Neste artigo, a estreia da minha coluna Pensamentos Delfianos no novo DELFOS, vou demonstrar passo a passo como chegamos a este ponto, em que quase todo jogo AAA é RPG e recheado de loot boxes e microtransações. Veja bem, para entender como isso tudo aconteceu, é importante pensarmos no funcionamento do mercado gringo. Várias coisas citadas por aqui, como o preço dos jogos em dólares, não valem para o Brasil, mas são importantes para o contexto geral.
QUANTO VALE UM JOGO?
Em 2005, foi dada a largada para a geração do Xbox 360, e com ela tivemos o último aumento no preço dos jogos em disco. Até o PS2, um jogo original em caixinha custava nos States 50 dólares. Com o advento da então next-gen, houve um aumento e os jogos passaram a custar 60 W. Bushes.

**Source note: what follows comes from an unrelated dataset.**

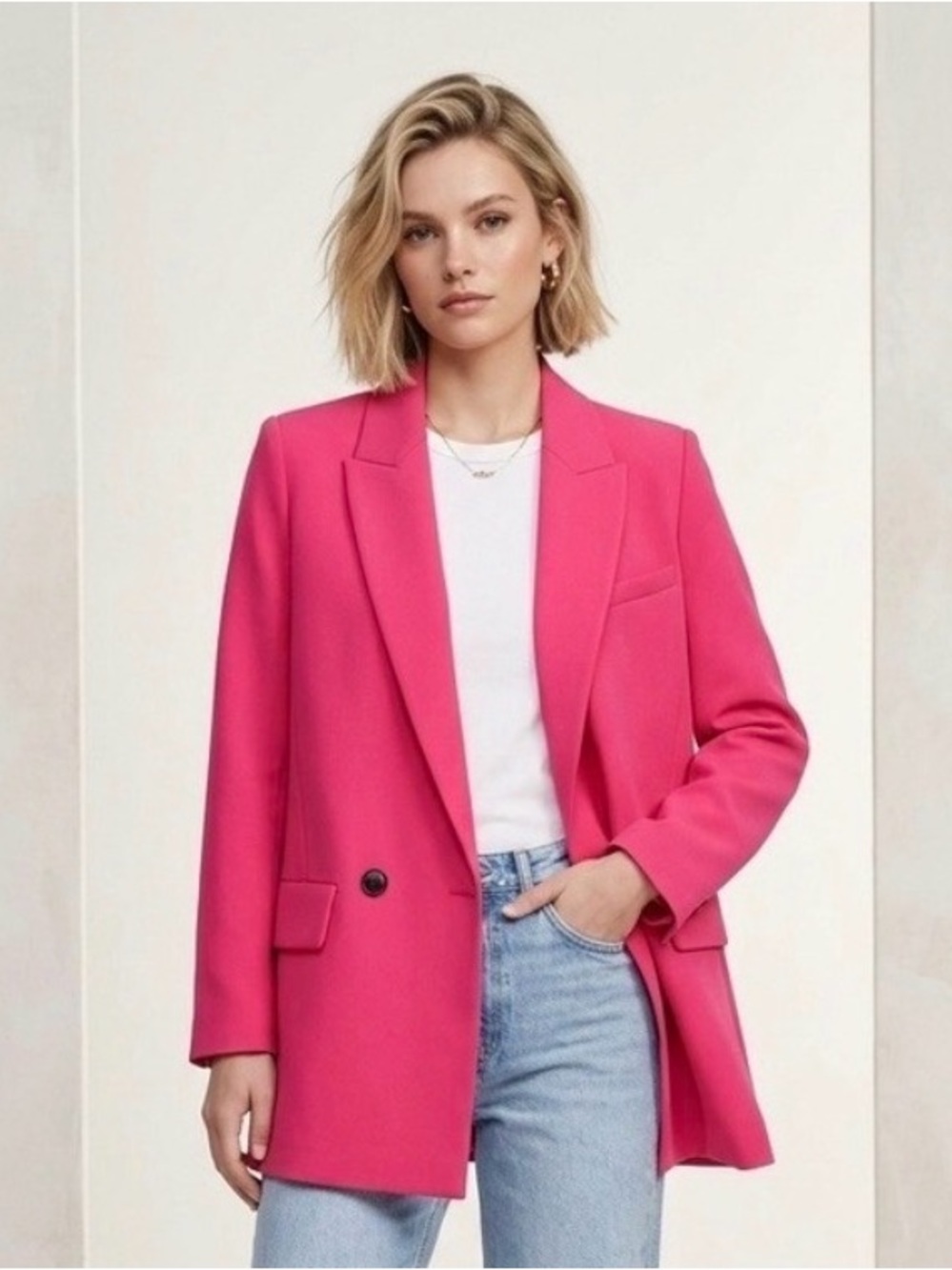 ZARA Women's Pink Double-Breasted Blazer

Esta geração também trouxe muitas mudanças. Agora o serviço online era uma realidade, trazendo novas possibilidades de multiplayer e mesmo de vendas de jogos e expansões – que passaram a ser popularmente conhecidas como DLCs (downloadable contents).
Para este texto, talvez a principal novidade tenha sido a moda dos games como experiências. O final da geração anterior já viu o sucesso de jogos mais cinematográficos, como God of War, mas foi por esta época que eles realmente se popularizaram, com lançamentos como a série Gears of War e Uncharted.

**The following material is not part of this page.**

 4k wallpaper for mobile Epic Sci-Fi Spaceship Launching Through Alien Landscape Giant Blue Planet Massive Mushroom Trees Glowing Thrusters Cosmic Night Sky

O problema, como o diretor de God of War, David Jaffe, revelou posteriormente, é que experiência custa bem mais para desenvolver do que gameplay. E desde 2005, os custos subiram bastante. Comparemos com outro entretenimento que gostamos muito. No Brasil, em 2006, o preço de um ingresso de cinema caro era de 19 reais. Hoje estamos beirando os 40 contos. Desde então, o custo de vida também subiu, o que significa que os custos para criar um jogo ficaram maiores. Mas o preço de venda final se manteve o mesmo, uma vez que o mercado sempre considerou jogos caros demais e não aceitaria um novo aumento.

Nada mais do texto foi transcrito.